BEGIN Data extract

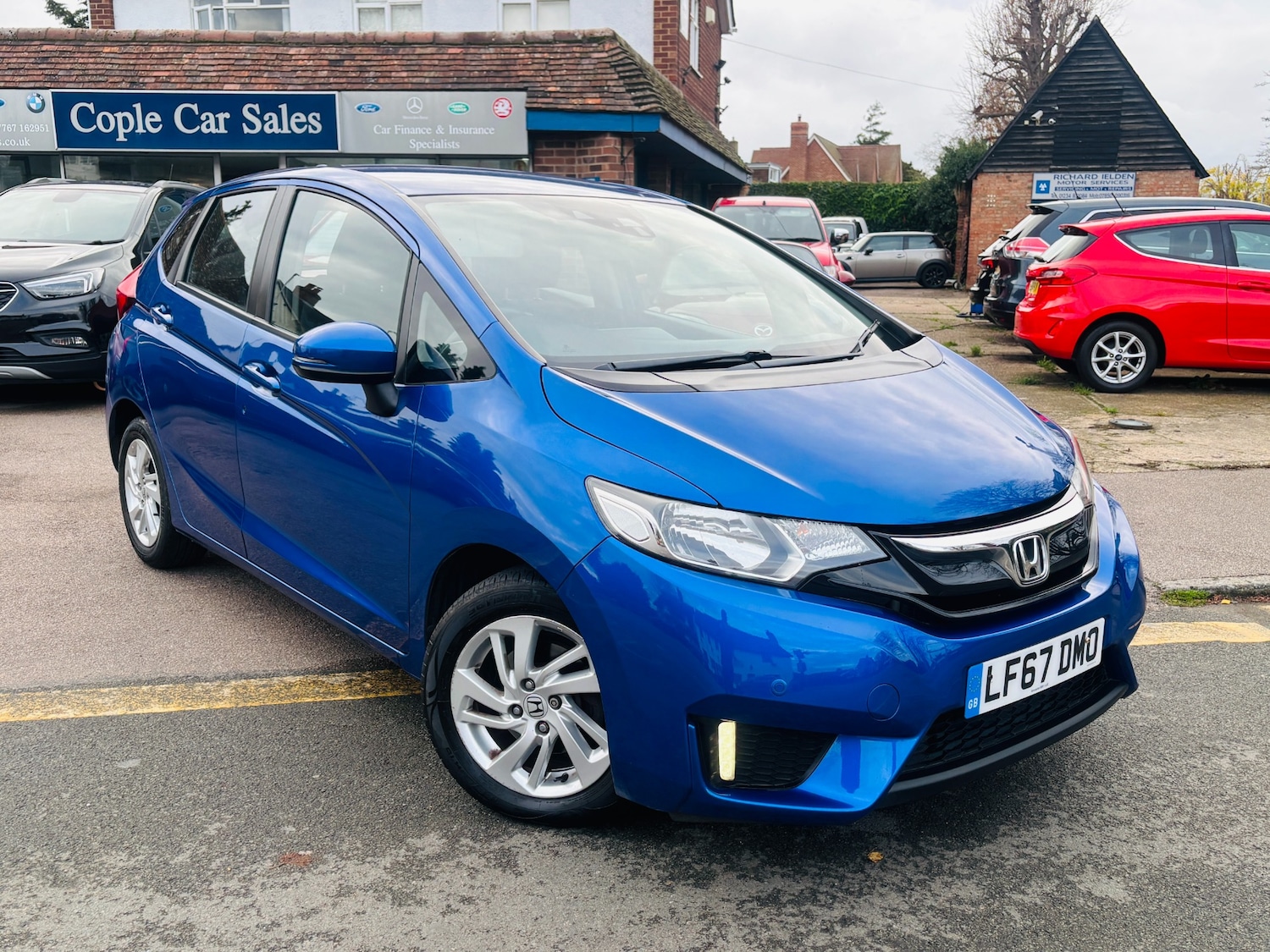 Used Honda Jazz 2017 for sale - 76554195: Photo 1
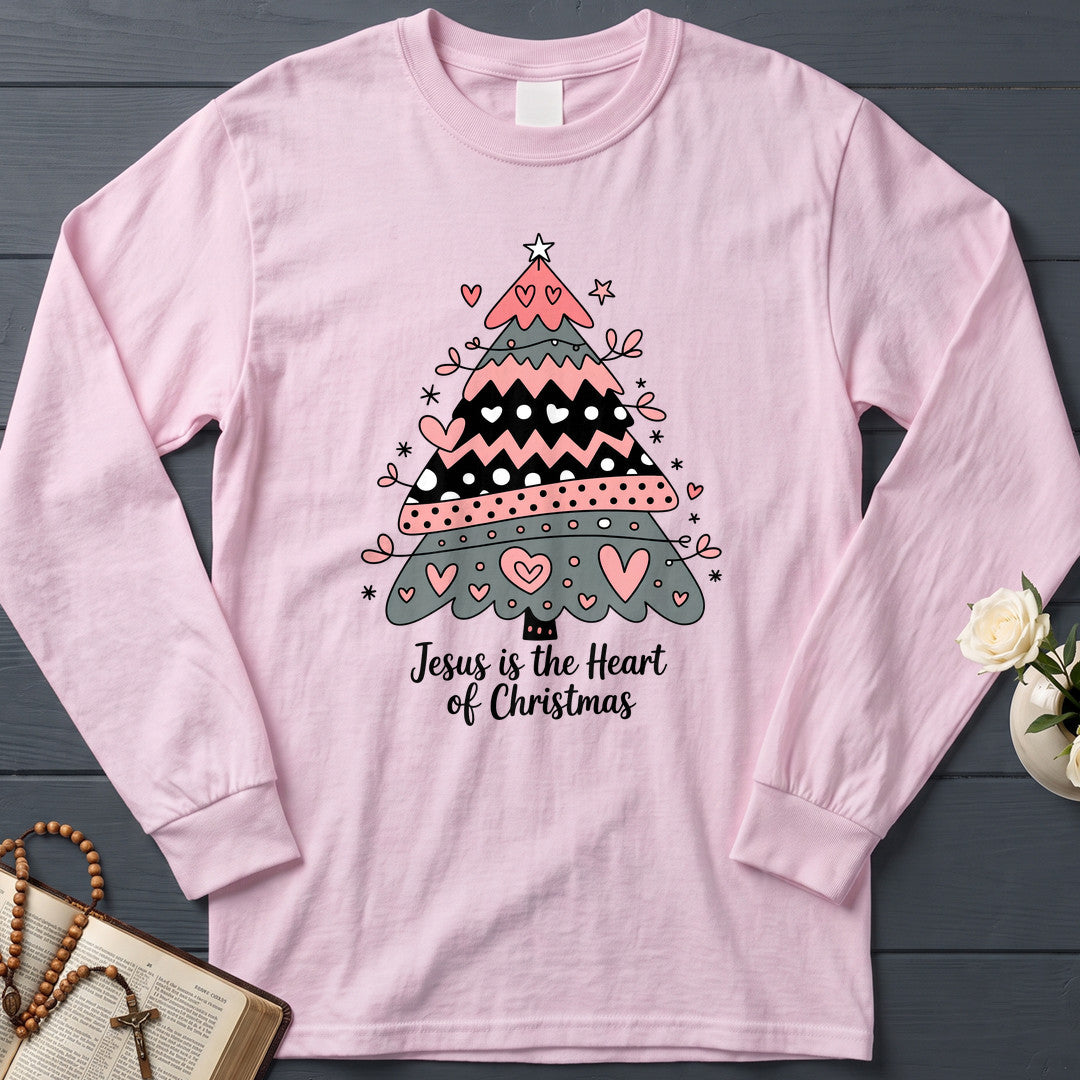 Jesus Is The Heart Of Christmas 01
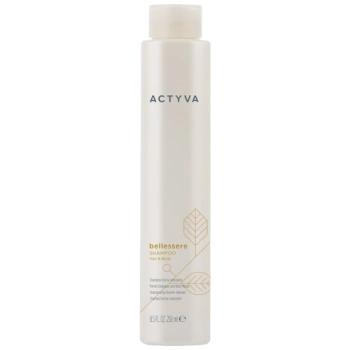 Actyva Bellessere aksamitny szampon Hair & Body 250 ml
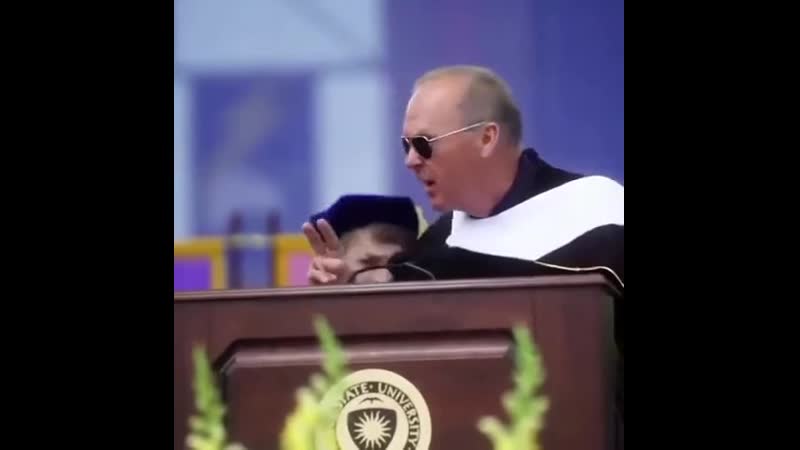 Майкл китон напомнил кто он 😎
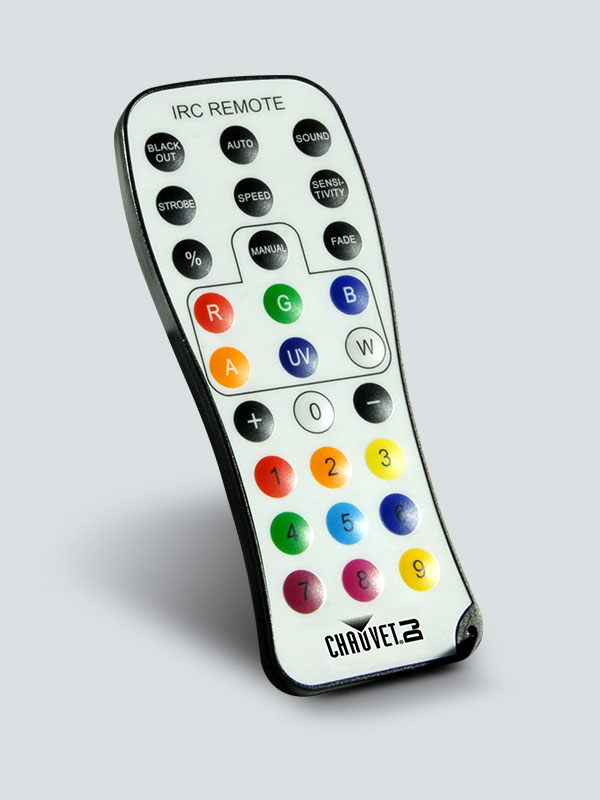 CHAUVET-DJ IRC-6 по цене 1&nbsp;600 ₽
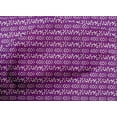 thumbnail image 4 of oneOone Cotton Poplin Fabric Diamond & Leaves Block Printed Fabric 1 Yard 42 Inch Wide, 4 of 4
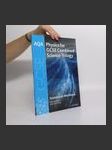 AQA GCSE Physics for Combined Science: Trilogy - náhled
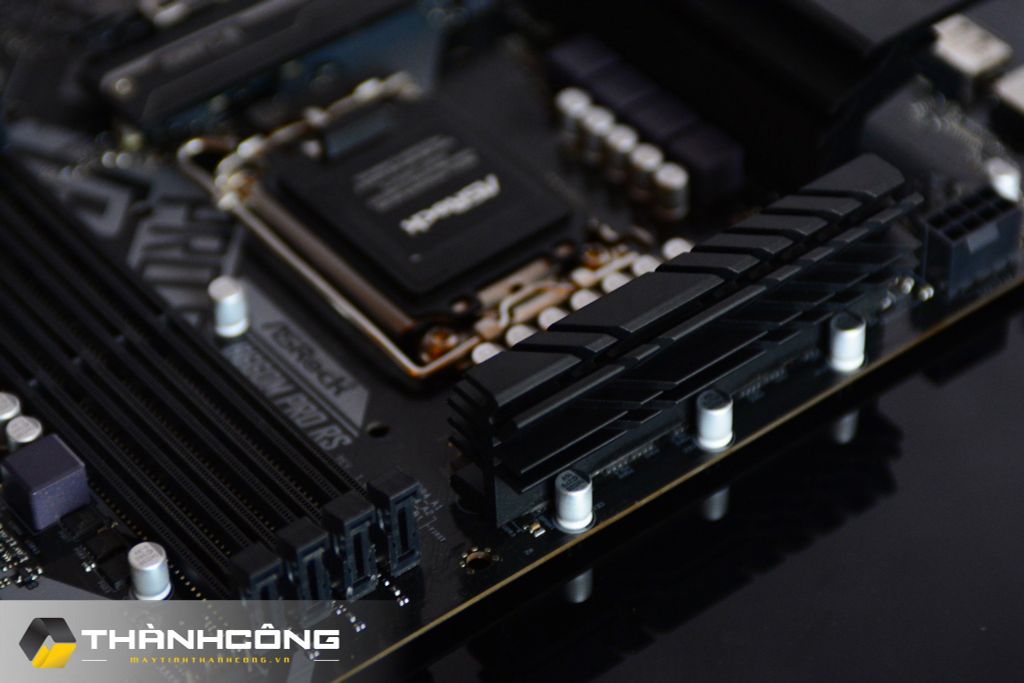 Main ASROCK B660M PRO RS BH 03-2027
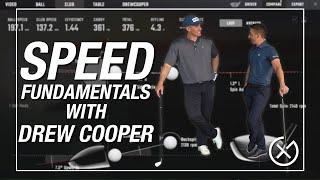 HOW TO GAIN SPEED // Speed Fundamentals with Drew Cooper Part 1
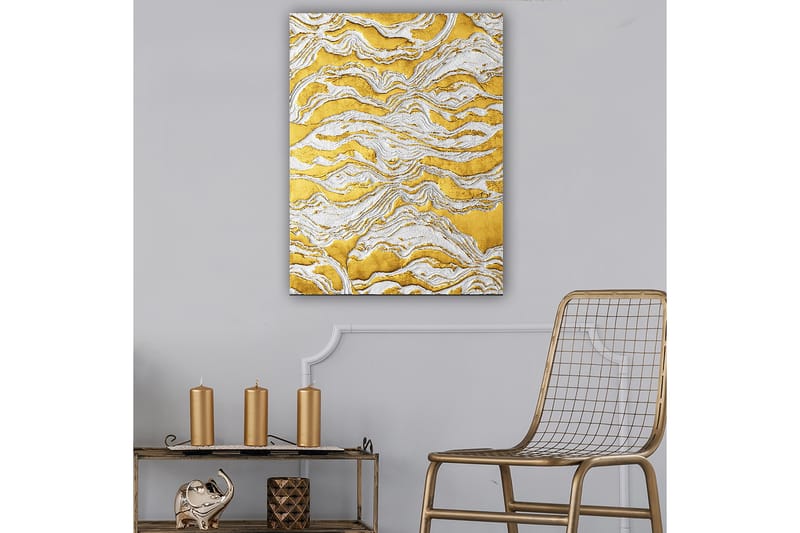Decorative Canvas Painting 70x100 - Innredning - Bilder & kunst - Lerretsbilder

END Data extract

■ Task brief ■
Could you reproduce exactly, and only, the lines from the start of the records through the line containing "Main ASROCK B660M PRO RS BH 03-2027", leaving out the pictures?

■ Expected answer ■
 Used Honda Jazz 2017 for sale - 76554195: Photo 1
 Jesus Is The Heart Of Christmas 01
 Actyva Bellessere aksamitny szampon Hair & Body 250 ml
 Майкл китон напомнил кто он 😎
 CHAUVET-DJ IRC-6 по цене 1&nbsp;600 ₽
 thumbnail image 4 of oneOone Cotton Poplin Fabric Diamond & Leaves Block Printed Fabric 1 Yard 42 Inch Wide, 4 of 4
 AQA GCSE Physics for Combined Science: Trilogy - náhled
 Main ASROCK B660M PRO RS BH 03-2027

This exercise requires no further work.